BOOM! Dohoon's head has exploded while solving the tree decomposition practice problem given as an assignment while attending the Summer School on Combinatorics and Algorithms at KAIST. Dohoon's brain, now unable to focus on the problem, is idling away time performing 'decomposition' on a 'tree' instead of doing tree decomposition on general graphs.

Specifically, Dohoon is given a tree with $$$N$$$ vertices. He plans to decompose the tree into a collection of connected components as follows:

1. Dohoon will select zero or more edges from the tree and remove them from the tree. Let $$$S$$$ be the set of removed edges in this procedure.
2. After the edges in $$$S$$$ are removed, each connected component in the resulting graph must have either $$$A$$$ or $$$B$$$ vertices.

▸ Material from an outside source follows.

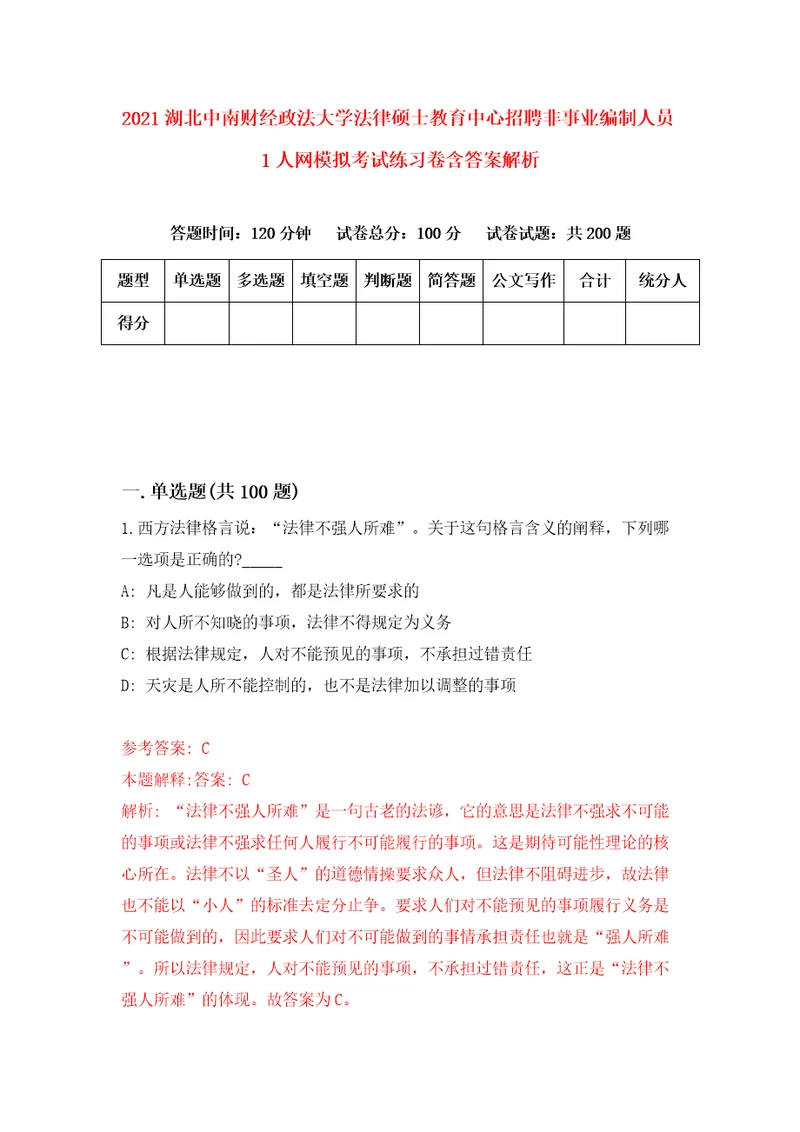 2021湖北中南财经政法大学法律硕士教育中心招聘非事业编制人员1人网模拟考试练习卷含答案解析第7版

Help Dohoon find the number of different ways to decompose the tree as given above. To be specific, determine the number of possible sets of edges $$$S$$$ that satisfy the given conditions.

Note that a tree is a connected, acyclic, undirected graph, where each undirected edge is an unordered pair of vertices.

• $$$1 \le N \le 100\,000$$$
• $$$1 \le A \lt B \le 500$$$
• $$$1 \le x_i \lt y_i \le N$$$ ($$$1 \le i \le N-1$$$)
• It is guaranteed that the given edges form a tree.